Despite political pressure to call off the demonstration, the organisers of the Equality Parade refused to be intimidated by Kaczynski's actions and called for broader community support. This call was taken up by numerous Polish and international organisations, left-of-centre parliamentarians, and EU representatives, as well as thousands of Warsaw citizens, who joined the illegal demonstration in support of civil liberties.

Despite Kaczynski's refusal to promise the safety of the rally, the police played a positive role on the day. As protesters took to the streets illegally, police provided a cordon which protected the parade from attack by around 200 right-wing counterdemonstrators, who at times pelted the parade with eggs, stink-bombs and, occasionally, rocks. The crowd of angry young males shouted, "God, honour, motherland! Gas the fags!", and, "Degenerates, you'll be gone by September!" (when elections are due). In response, the parade drowned out their slogans with chants of, "Homophobia is curable!".

In the face of these right-wing attacks, the successful procession of the march through the streets of Warsaw was a victory for the queer movement in an ominous political environment — Kaczynski and his ultra-right party Law and Justice look set to win the next elections.

Kaczynski promises to "complete the Solidarnosc Revolution" by bringing into being the IV Republic — characterised by the repression of social democracy, the ex-Communist and radical left, and minority groups, in pursuit of an ultra-nationalist, Catholic hegemony.

As professor Janusz Reykowski, social psychologist, writes: "We are witness to a right-wing offensive. The right is gaining new bastions, capturing more and more instruments of influence and power. At the same time, the left is fighting a defensive struggle on all fronts. The Polish right is practicing a form of destructive politics — the politics of antagonism and obliteration of alternative thought. In short, the foundations are being laid for a police state."

Far from completing the revolution begun in the 1980s, Kaczynski's program reintroduces repression and censorship, while providing no alternative to the series of neoliberal economic policies that have brought wide-scale poverty, unemployment and homelessness.

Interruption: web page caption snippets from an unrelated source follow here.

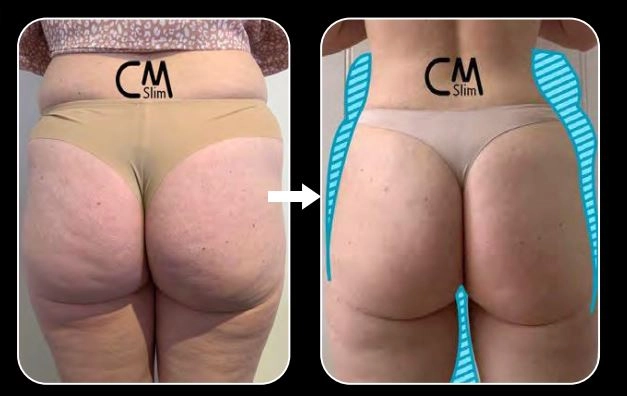 CmSlim, τεχνολογία υψηλής έντασης ηλεκτρομαγνητικής εκγύμνασης μυών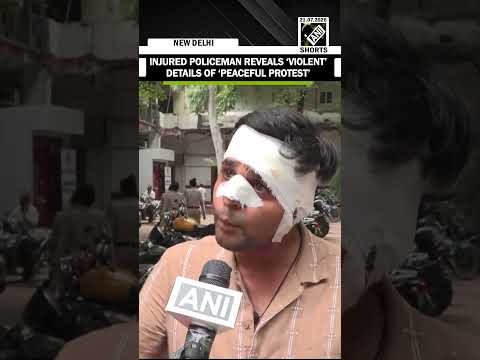 ‘Sharpened tiles pelted’, Injured policeman busts ‘peaceful protest’ myth| Jantar-Mantar protest|CJP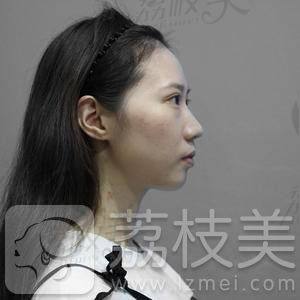 杭州甄美医疗美容医院院长王辉鼻综合案例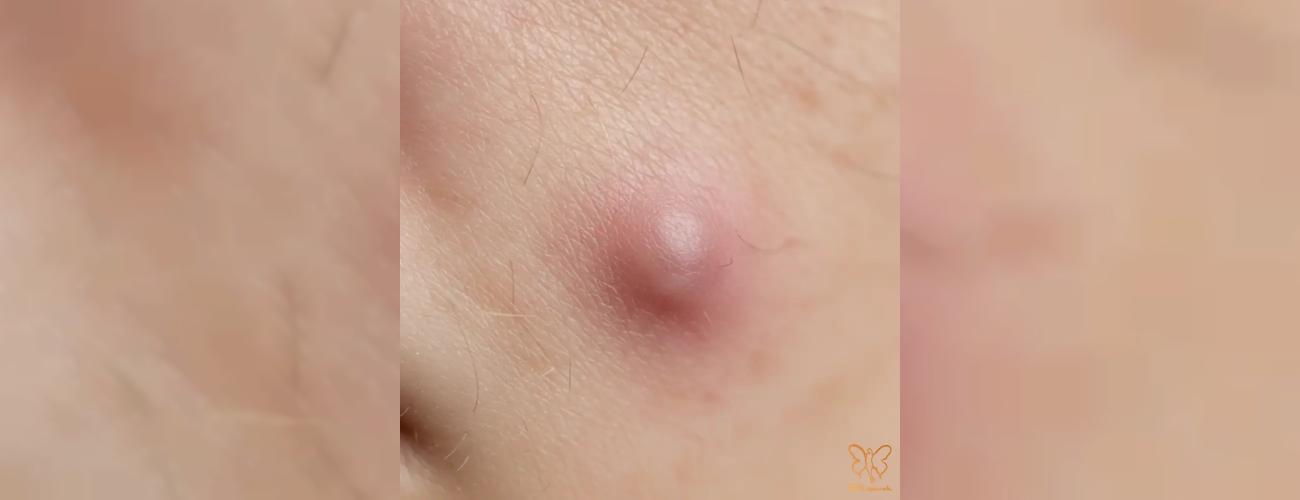 نجات پوست از جوش زیر پوستی در مشهد: فرمول درمانی پیشرفته کلینیک شاپرک که پوست شما را احیا می‌کند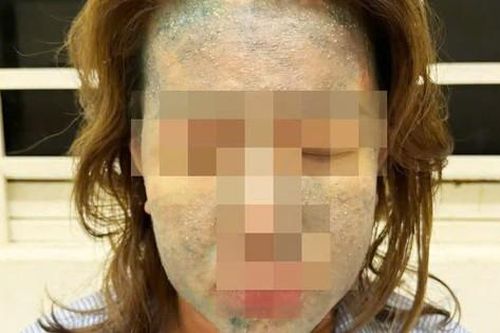 Người phụ nữ nguy kịch sau khi dùng thuốc giảm cân thải độc, collagen không rõ nguồn gốc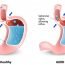 How to get rid of Gastroesophageal Reflux Disease (GERD) at Home Naturally?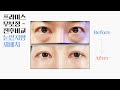 [JPN/CHI sub] 프라미스 눈성형 무보정 전후 모음 😎 │ 자연유착 절개 애교필러 눈밑지방재배치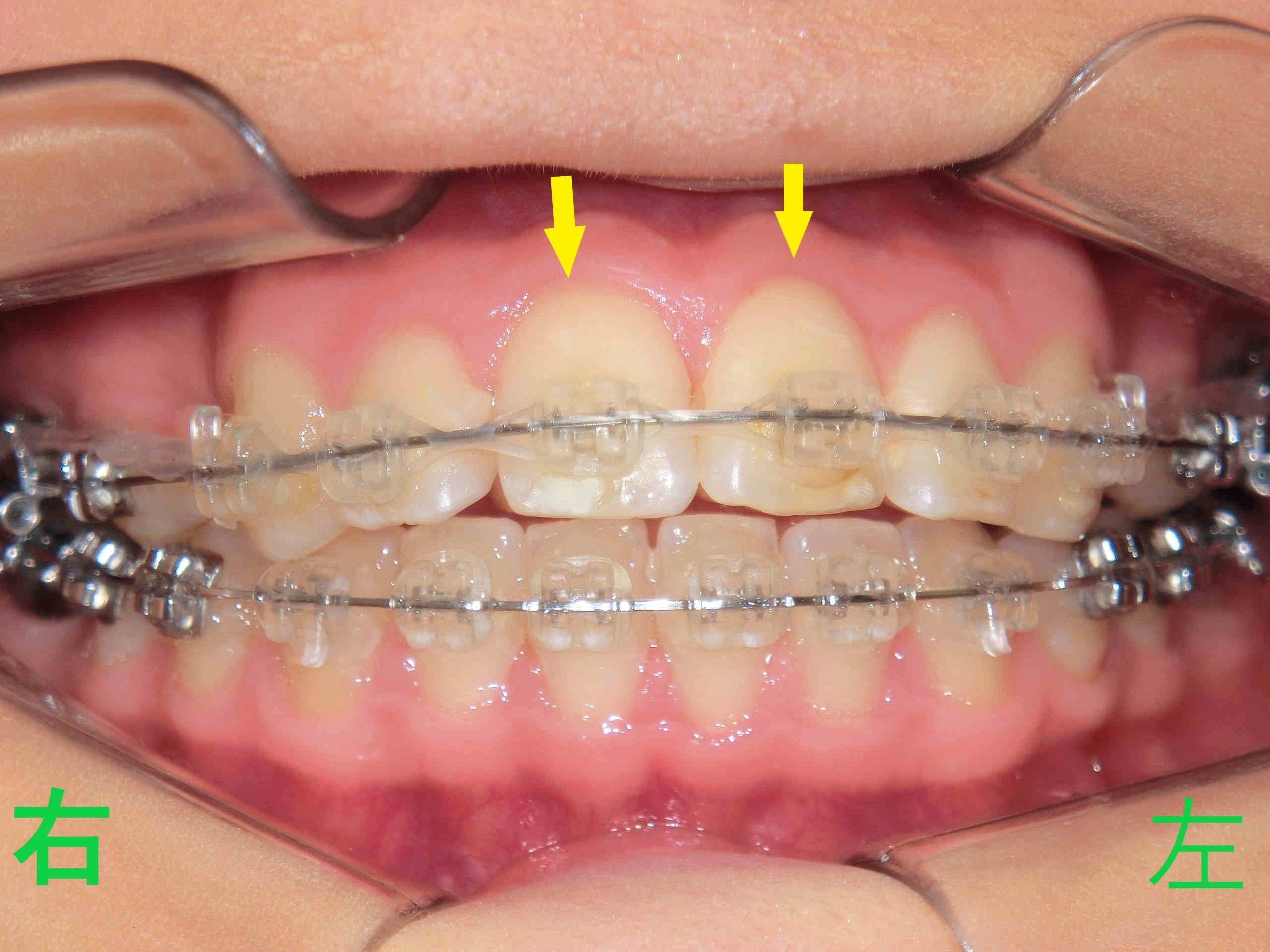 術前レントゲン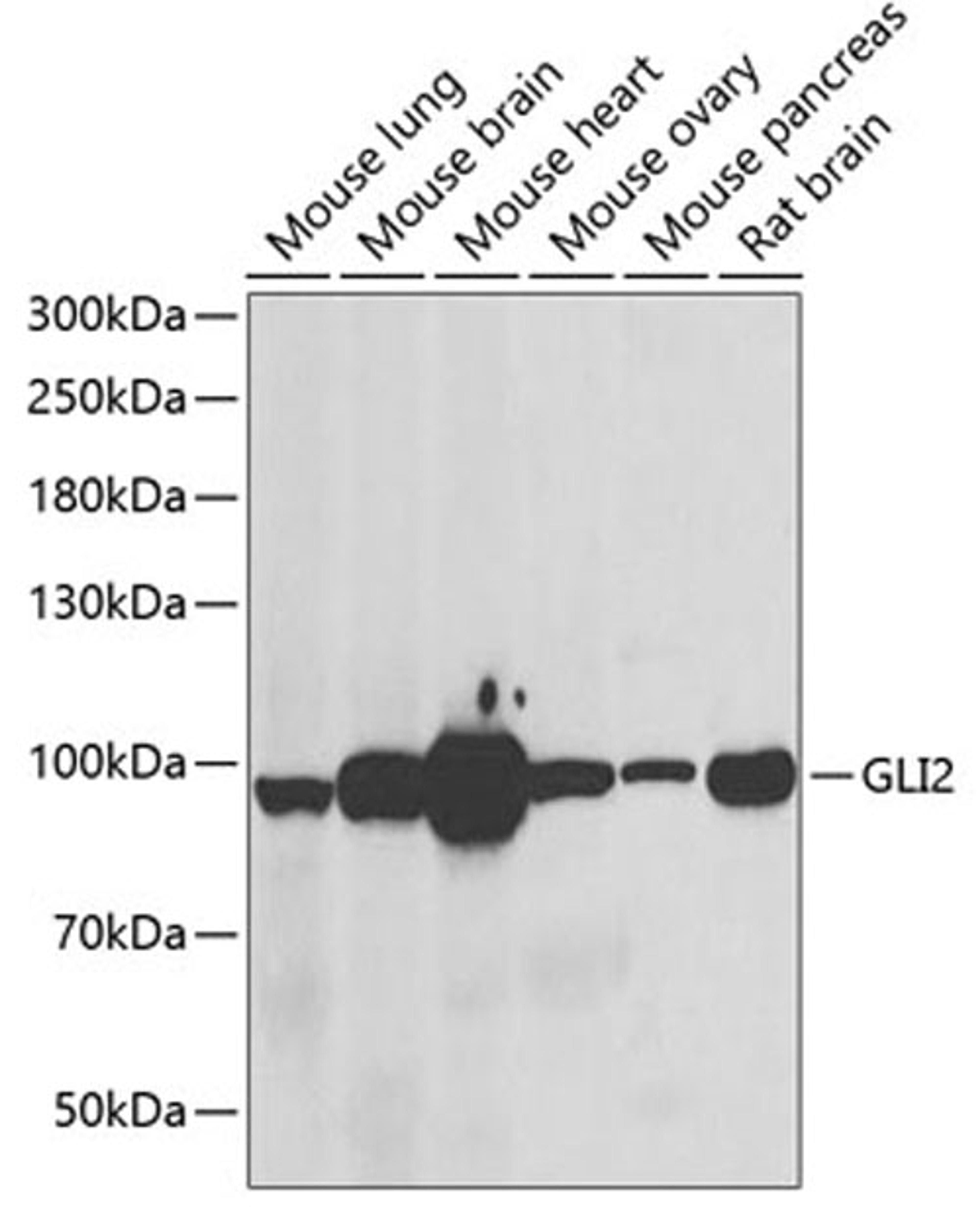 Western blot - GLI2 antibody (A6510)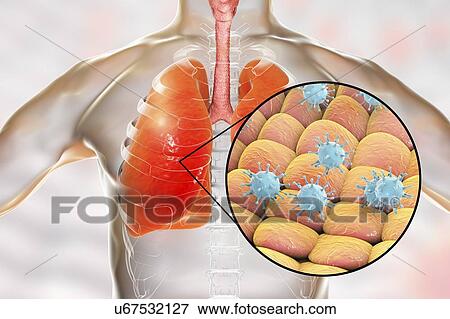 Stock Photo - Viral pneumonia, conceptual illustration. Human lungs and close-up view of viruses, the causative agents of pneumonia. Pneumonia can be caused by many types of viruses, including Influenza, MERS, SARS, Adenoviruses and others.. Fotosearch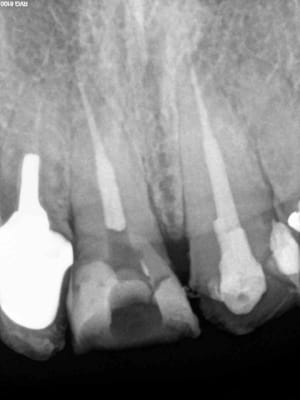 11 21 endo turbo so1akt - Eugenol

While the program of neoliberal reforms since 1989 has caused massive social dissatisfaction, this sentiment has hitherto been co-opted by the radical right. The Equality Parade provides an important example for the kind of tactics that are becoming increasingly necessary to counter the right's weapons of social control — scapegoating and fearmongering.

The parade's success will hopefully encourage others to take further radical action to protect civil rights, open democratic debate and freedom of expression, as well as countering the rising social alienation brought into being by the neoliberal reforms.

From Green Left Weekly, June 22, 2005.